What is the area between the functions $y = |2x|$ and $y = x^2 - 3$?

[tmt1]

Hi,

I need to find the area between these 2 functions:

$$y = |2x|$$

and

$$y = x^2 - 3$$

So I need to find the points of intersection:

$$|2x| - x^2 + 3 = 0$$

for which I get

x = 3, -1

However, since there are no negative x values in y = |2x| I get

$x = 3, 1$

I find that $y = |2x| $is greater than$ y = x^2 - 3$ for this range so

$$\int_{1}^{3} |2x| - x^2 + 3 \,dx$$

So I get

$$\left[x^2 - \frac{x^3}{3} + 3x]\right]_1^3$$

$(9 - 9/3 + 9) - (1 -1/3 + 3)$

and my answer is

$34/3$

However, the answer is 18.

I wasn't sure how to deal with the absolute value exactly so that may be the problem.

 

[Siron]

You've made a mistake in the calculations of the points of interesection. It has to be: $x=3$ and $x=-3$.

To solve problems like this I would recommend to make a plot of the functions to see the area between them more clearly. It'll make it easier for you to spot the integration bounds.

 

[Prove It]

Hi,

I need to find the area between these 2 functions:

$$y = |2x|$$

and

$$y = x^2 - 3$$

So I need to find the points of intersection:

$$|2x| - x^2 + 3 = 0$$

for which I get

x = 3, -1

However, since there are no negative x values in y = |2x| I get

$x = 3, 1$

I find that $y = |2x| $is greater than$ y = x^2 - 3$ for this range so

$$\int_{1}^{3} |2x| - x^2 + 3 \,dx$$

So I get

$$\left[x^2 - \frac{x^3}{3} + 3x]\right]_1^3$$

$(9 - 9/3 + 9) - (1 -1/3 + 3)$

and my answer is

$34/3$

However, the answer is 18.

I wasn't sure how to deal with the absolute value exactly so that may be the problem.

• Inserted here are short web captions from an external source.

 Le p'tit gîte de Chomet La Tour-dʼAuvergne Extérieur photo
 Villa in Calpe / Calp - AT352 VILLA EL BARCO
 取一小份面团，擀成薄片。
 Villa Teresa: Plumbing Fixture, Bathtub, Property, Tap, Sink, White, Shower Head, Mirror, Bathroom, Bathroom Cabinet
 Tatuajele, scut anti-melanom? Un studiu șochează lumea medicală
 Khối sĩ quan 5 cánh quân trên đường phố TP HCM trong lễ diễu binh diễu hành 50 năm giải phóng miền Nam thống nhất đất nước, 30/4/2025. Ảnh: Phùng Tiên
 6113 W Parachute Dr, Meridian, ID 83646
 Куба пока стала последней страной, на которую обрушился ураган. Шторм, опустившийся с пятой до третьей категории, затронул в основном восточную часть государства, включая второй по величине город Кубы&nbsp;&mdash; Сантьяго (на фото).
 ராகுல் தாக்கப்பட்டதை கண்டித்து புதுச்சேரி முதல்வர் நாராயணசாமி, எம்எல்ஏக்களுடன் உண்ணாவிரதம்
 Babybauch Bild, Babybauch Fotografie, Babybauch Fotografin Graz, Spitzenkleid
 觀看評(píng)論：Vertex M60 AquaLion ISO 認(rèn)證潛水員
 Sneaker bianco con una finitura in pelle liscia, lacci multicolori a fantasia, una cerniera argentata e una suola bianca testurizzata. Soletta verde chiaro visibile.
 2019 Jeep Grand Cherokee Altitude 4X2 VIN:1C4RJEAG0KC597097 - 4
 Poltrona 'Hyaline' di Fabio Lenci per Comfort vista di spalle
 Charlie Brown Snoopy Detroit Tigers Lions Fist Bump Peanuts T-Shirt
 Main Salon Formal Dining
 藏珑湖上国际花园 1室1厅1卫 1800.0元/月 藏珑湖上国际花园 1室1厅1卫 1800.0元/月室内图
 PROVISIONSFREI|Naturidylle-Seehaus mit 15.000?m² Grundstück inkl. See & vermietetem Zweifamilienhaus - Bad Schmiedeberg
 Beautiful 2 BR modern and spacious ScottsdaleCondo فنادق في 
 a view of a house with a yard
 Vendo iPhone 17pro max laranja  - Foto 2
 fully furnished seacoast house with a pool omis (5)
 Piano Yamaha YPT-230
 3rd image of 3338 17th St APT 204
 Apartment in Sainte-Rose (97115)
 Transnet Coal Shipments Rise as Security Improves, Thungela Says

Note that $\displaystyle \begin{align*} \left| 2x \right| = \begin{cases} \phantom{-}2x \textrm{ if } x \geq 0 \\ -2x \textrm{ if } x < 0 \end{cases} \end{align*}$

so you actually have two equations to solve, the first being

$\displaystyle \begin{align*} 2x = x^2 - 3 \end{align*}$ for $\displaystyle \begin{align*} x \geq 0 \end{align*}$ and $\displaystyle \begin{align*} -2x = x^2 - 3 \end{align*}$ for $\displaystyle \begin{align*} x < 0 \end{align*}$.